Voice Input Challenge: Closing thoughts

Taylor Martin
 from  Concord, NC
| August 5, 2012

Ever since last Monday, I have been using only voice input – or dictation – to enter text on my phones. That means no keyboards, no typing, no word prediction. Just speaking and going all-in on dictation, putting all of my text entry in the hands of mobile dictation software.

I had been wanting to do a challenge similar to what Aaron and Sydney had done over the past several months, but I wanted it to be based more on software rather than hardware. I wanted a challenge that forced me out of my comfort zone with any and all handsets regardless of specifications, hardware and other various features. Eventually, I came up with the idea of abandoning all soft keyboard text entry for an entire week to give dictation and other voice input a serious go.

Let me begin by saying it has been an interesting week, both inside and out of the challenge. I have been carrying and actively using three phones for the challenge and I've been rather surprised by how my usage has changed just over dictation, how I would subconsciously choose one phone over another because the voice input seemed more accurate than the other. And I could not be any more excited for that dreadfully long week to be over.

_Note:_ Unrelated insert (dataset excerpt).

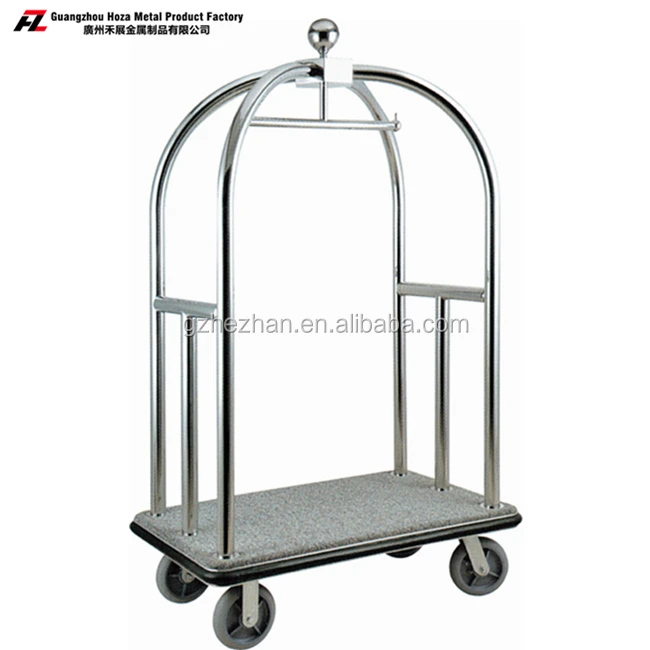 
stainless steel with titanium gold coated hotel luggage trolley carts for luggage carrying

Without further ado, here are my final takeaways from the Voice Input Challenge (unless a few more thoughts hit me over the next few days, like continued use, other findings, etc.):


iOS dictation delays

Of all the things that go wrong when using dictation, such as misinterpreted and uncommon words, there was one little thing I found more frustrating than anything else: a delay in iOS dictation. Most of the time, especially if you only have a snippet to input, iOS dictation speeds are great. The transcribed words will usually appear within one or two seconds. However, if you have to delete a few misinterpreted words in the middle of a sentence and retry saying them or speak a second part of a message, the response times go through the roof. I've had to wait upwards of two minutes for dictation to input the words, that is, if it doesn't simply time out.

It doesn't happen like this every time. But I would say nine times out of ten, of you don't get it right the first time, you will end up waiting at least a minute for dictation to respond. I found this very frustrating (partly for how iOS handles dictation, which I will touch on in the next section) and often reached for an Android phone for more arduous dictation, despite its less profound command abilities.


Android and iOS dictation are different beasts

Like I explained on Thursday, iOS dictation does not display words as they are spoken, but rather after you finish speaking. Android, on the other hand, will input words as they are spoken and make adjustments on the fly. As you would imagine, each of these different methods have their own unique set of benefits.

As far as iOS goes, its dictation high points are promptness and short messages. It's extremely accurate and quick, and it seems to get some more ambiguous entry. For example, just tonight I wanted to type, "I'll be sad to see the C3 go. It has served me well over the last few months." It input it perfectly on the first try. That said, with iOS, you have to have planned everything you are going to say beforehand, even rehearse everything in your head before hitting the dictation button. If not, you may end up forgetting what you've already said, repeating yourself or missing words.

While Android struggles with capitalization and proper nouns, it's noticeably better at longer sentences and messages since words are displayed as you speak them. You have a chance to pause, read what you've spoken and articulate your sentences with a more confidence and assurance. This made dictation a little more doable for me, as I could stop as soon as I made a mistake, whereas on iOS, you don't know if you've made a minor mistake until you've finished speaking.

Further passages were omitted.